Data for the task:
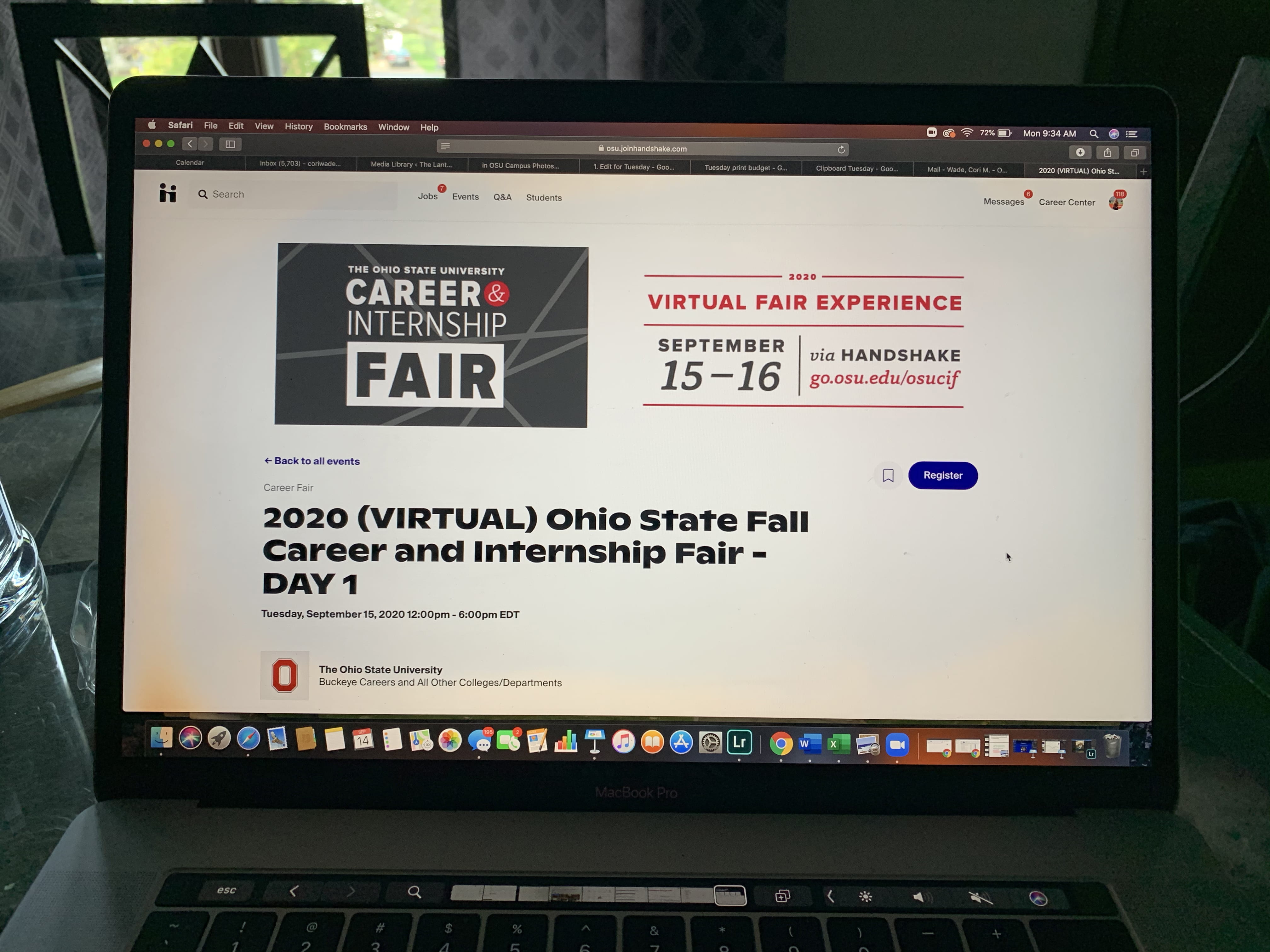 Photo of laptop with the Handshake website for the career fair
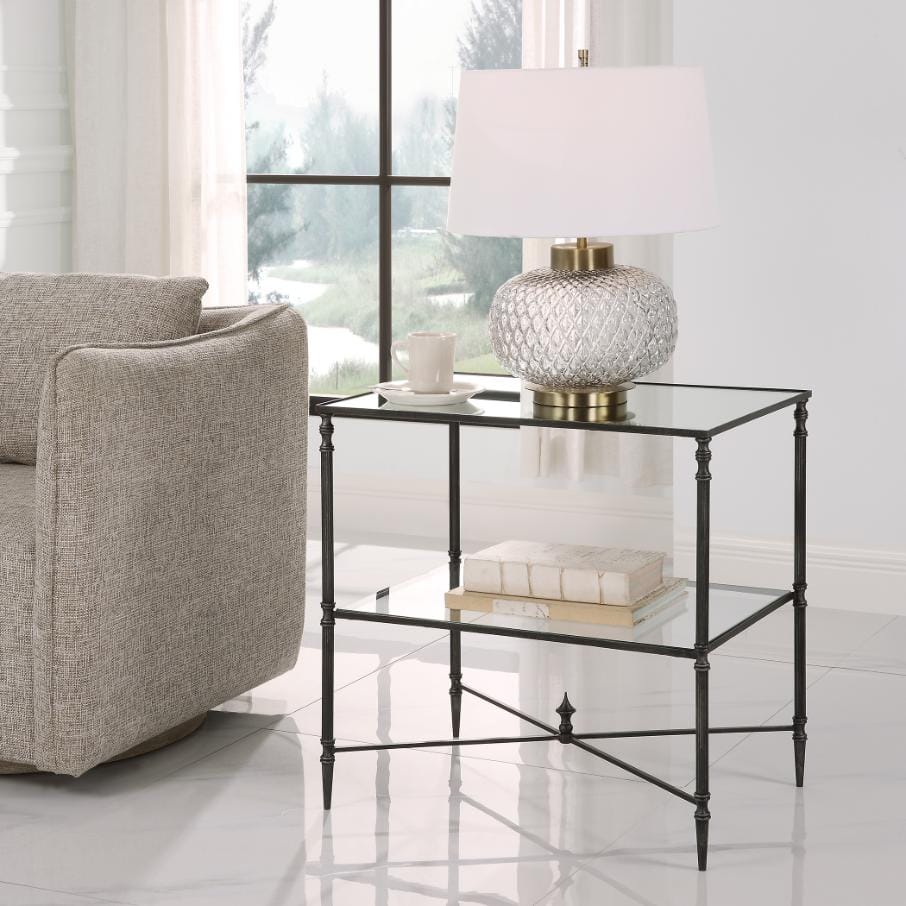 Uttermost Living Henzler Mirrored Steel Lamp Table House of Isabella UK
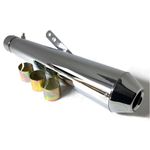 Universal Chrome Megaphone Motorcycle Slip-On Cafe Racer Custom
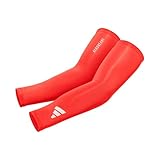 adidas 男女兼用 大人用 Aeroready 着圧アームスリーブ 着圧アームスリーブ, レッド。, Small-Medium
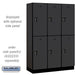 Salsbury 18" Wide Double Tier Designer Wood Locker - 3 Wide - 6 Feet High - 18 Inches Deep - Black - Black Electronic Locks - Sweatfully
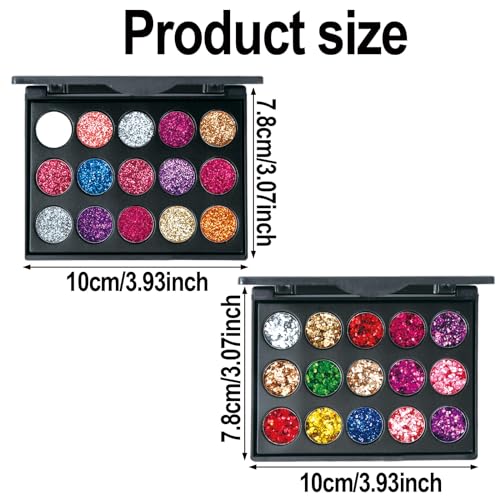 Nivofu 2 Stücke Glitzer Lidschatten Palette, 30 Farben Lidschattenpalette Bunt, Glitzer Make-up Palette Langlebig Wasserdicht, Eyeshadow Palette Schimmernde, Augenpalette, Schminkpalette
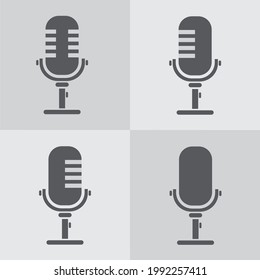 podcast icon set. The studio desk microphone is black with the sound broadcast wave symbol. Webcast audio recording concept logo.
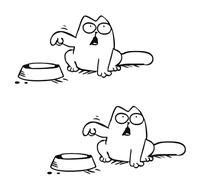 ZIMISI 2PCS Simon Cat Car Fuel Cap Sticker Decal, Vinyl Weatherproof Auto Bumper Sticker, Funny Hungry Cat with Empty Bowl Decal, Vehicle Decoration Accessories for Car, SUV, Window, Laptop (Right)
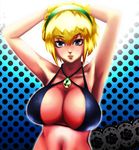  armpits arms_up bikini bikini_top blonde_hair blue_eyes breasts cleavage eyebrows gem green_hairband hairband hands_in_hair huge_breasts jewelry looking_at_viewer navel original pendant short_hair solo swimsuit tzxccx 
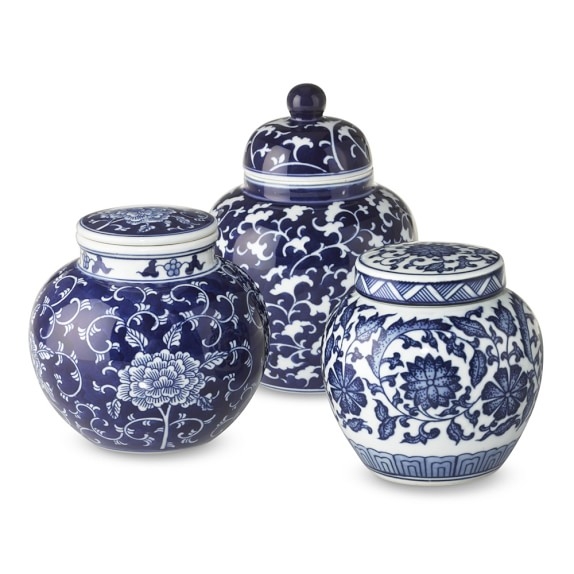 Vine Motif Temple Jar-Blue & White - Image 1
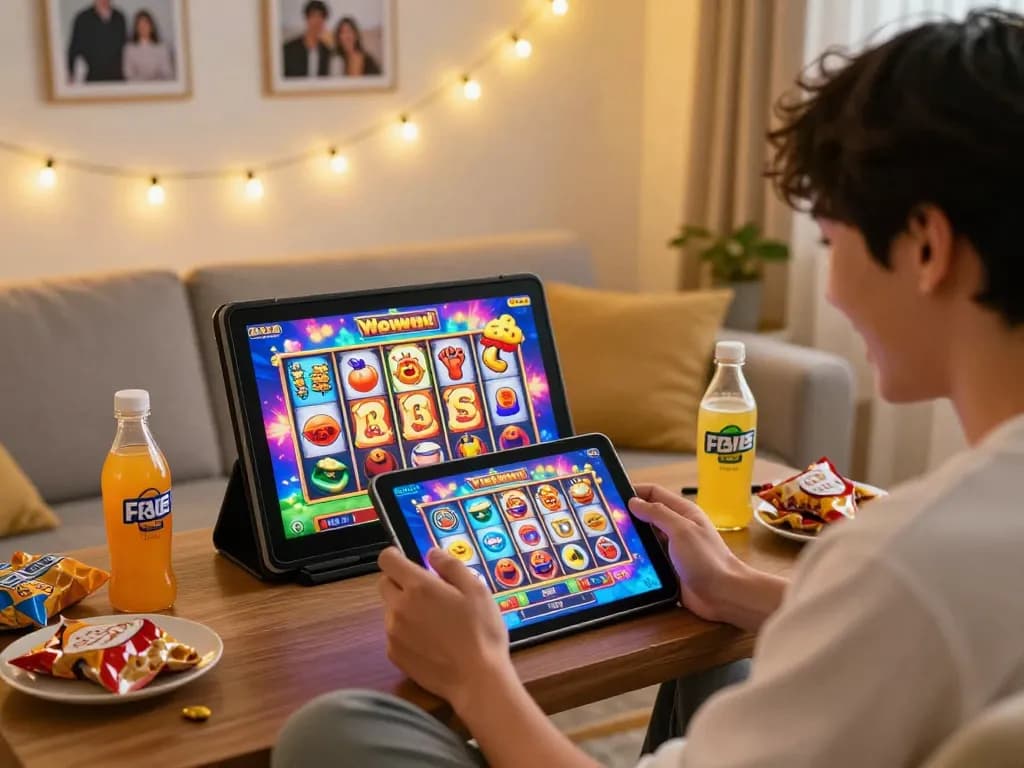 Situs slot gacor gaming excitement with user celebrating a big win at home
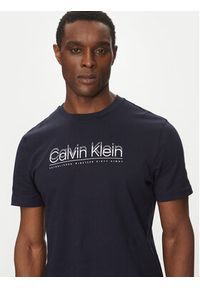 Calvin Klein T-Shirt Double Logo K10K114149 Granatowy Regular Fit. Kolor: niebieski. Materiał: bawełna #5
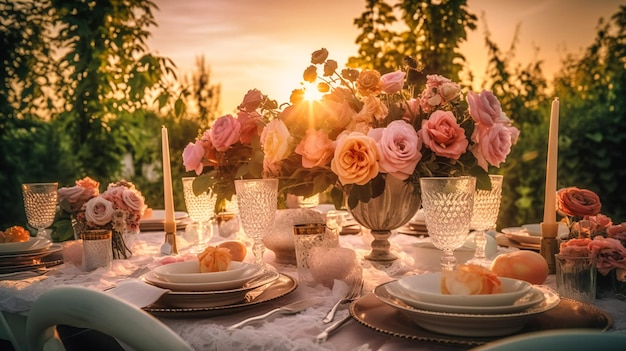 Ein atemberaubendes Bild eines gehobenen Sommerrestaurants im Freien, das eine exquisite Tischdekoration und eine bezaubernde Umgebung zeigt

Exercise directions:
The records must be copied with no word altered, and without their pictures.

Expected answer:
 Photo of laptop with the Handshake website for the career fair
 Uttermost Living Henzler Mirrored Steel Lamp Table House of Isabella UK
 Universal Chrome Megaphone Motorcycle Slip-On Cafe Racer Custom
 adidas 男女兼用 大人用 Aeroready 着圧アームスリーブ 着圧アームスリーブ, レッド。, Small-Medium
 Salsbury 18" Wide Double Tier Designer Wood Locker - 3 Wide - 6 Feet High - 18 Inches Deep - Black - Black Electronic Locks - Sweatfully
 Nivofu 2 Stücke Glitzer Lidschatten Palette, 30 Farben Lidschattenpalette Bunt, Glitzer Make-up Palette Langlebig Wasserdicht, Eyeshadow Palette Schimmernde, Augenpalette, Schminkpalette
 podcast icon set. The studio desk microphone is black with the sound broadcast wave symbol. Webcast audio recording concept logo.
 ZIMISI 2PCS Simon Cat Car Fuel Cap Sticker Decal, Vinyl Weatherproof Auto Bumper Sticker, Funny Hungry Cat with Empty Bowl Decal, Vehicle Decoration Accessories for Car, SUV, Window, Laptop (Right)
  armpits arms_up bikini bikini_top blonde_hair blue_eyes breasts cleavage eyebrows gem green_hairband hairband hands_in_hair huge_breasts jewelry looking_at_viewer navel original pendant short_hair solo swimsuit tzxccx 
 Vine Motif Temple Jar-Blue & White - Image 1
 Situs slot gacor gaming excitement with user celebrating a big win at home
 Calvin Klein T-Shirt Double Logo K10K114149 Granatowy Regular Fit. Kolor: niebieski. Materiał: bawełna #5
 Ein atemberaubendes Bild eines gehobenen Sommerrestaurants im Freien, das eine exquisite Tischdekoration und eine bezaubernde Umgebung zeigt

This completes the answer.